Ткаченко предложил ему осмотреть полотно конуса. Савицкий внимательно исследовал все пробоины, спросил, нельзя ли отличить подкрашенные техниками пули от заводских меток, потом спросил меня:
— А как у вас в полку стреляли по конусу?
— Мы летали на «лавочкиных». На них двадцатимиллиметровые пушки, поэтому стреляли только бронебойными снарядами. Там заводская краска черная. На одном самолете оставляли ее, на другом смывали и красили другим цветом.
— Мне кажется, товарищ генерал, — вступил в разговор Ткаченко, — надо дать указание во все воздушные армии, чтобы перед стрельбой но конусу заводские метки на пулях и снарядах счищали и наносили свои.
— Разумно, — ответил генерал и взглянул на меня: — Извини, я поторопился тебя упрекнуть. В этой путанице мы сами виноваты. Но вы, товарищ Ворожейкин, — он перешел на официальный тон, — стреляете не так, как положено. Почему?
— Я, — говорю, — не понял. Вы осуждаете мой прием стрельбы или интересуетесь, почему я выработал свой маневр захода на конус?
— Отвечайте по существу, — сухо заметил Савицкий. — Почему вы нарушили правила стрельбы?

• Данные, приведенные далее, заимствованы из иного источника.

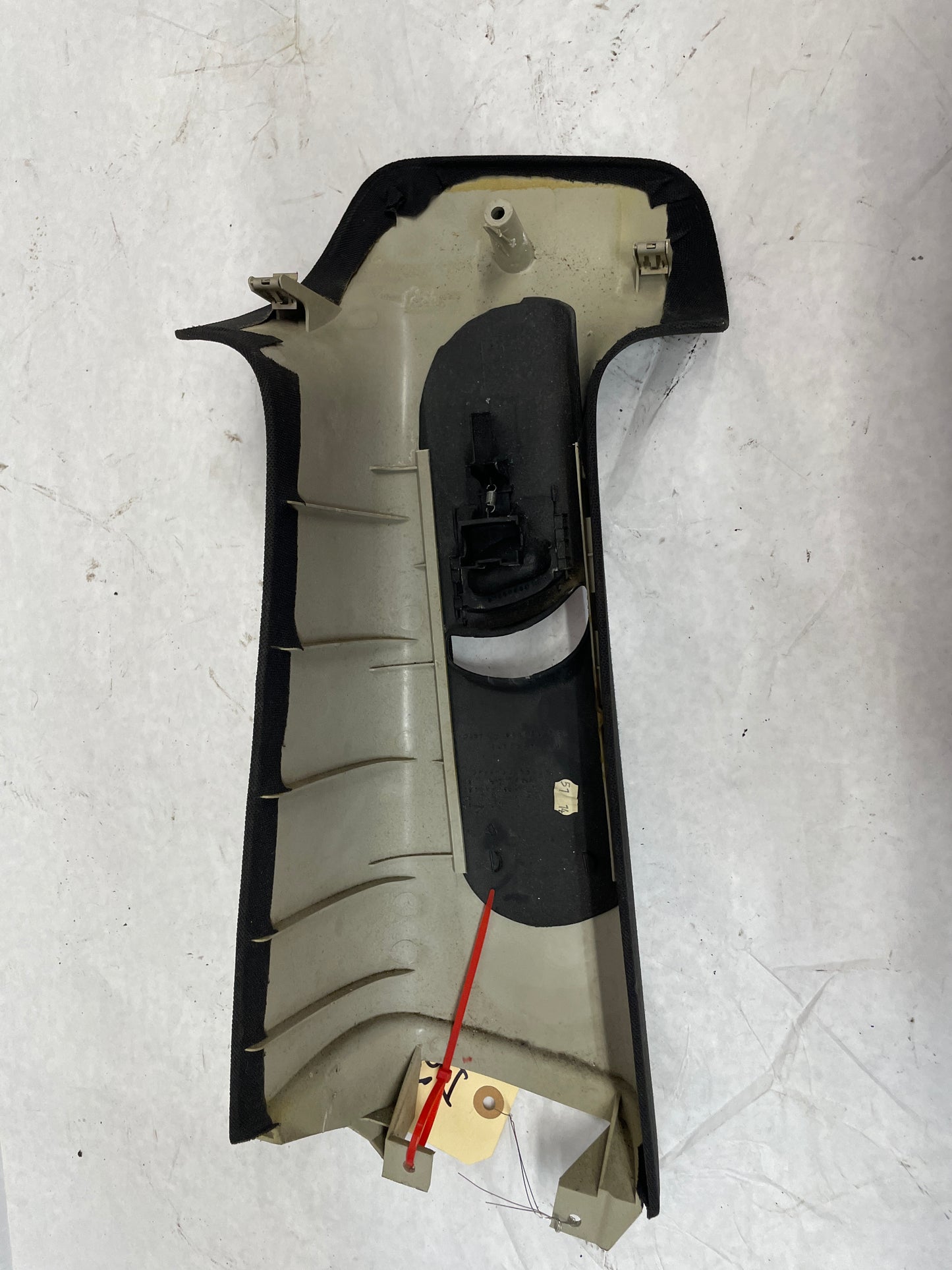 2006 Pontiac GTO RH & LH Interior Upper B Pillar Seat Belt Trim OEM - Day's Parts Yard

— Метод стрельбы утвержден очень давно и оторван от боевой действительности, — решительно заявил я. — Надо максимально приближать стрельбу по мишени к стрельбе по самолету противника. Моим способом стреляют многие летчики. Пора его узаконить. Почему в стрельбе по конусу мы работаем методами двадцатых годов? Неужели война в этом деле нас ничему не научила?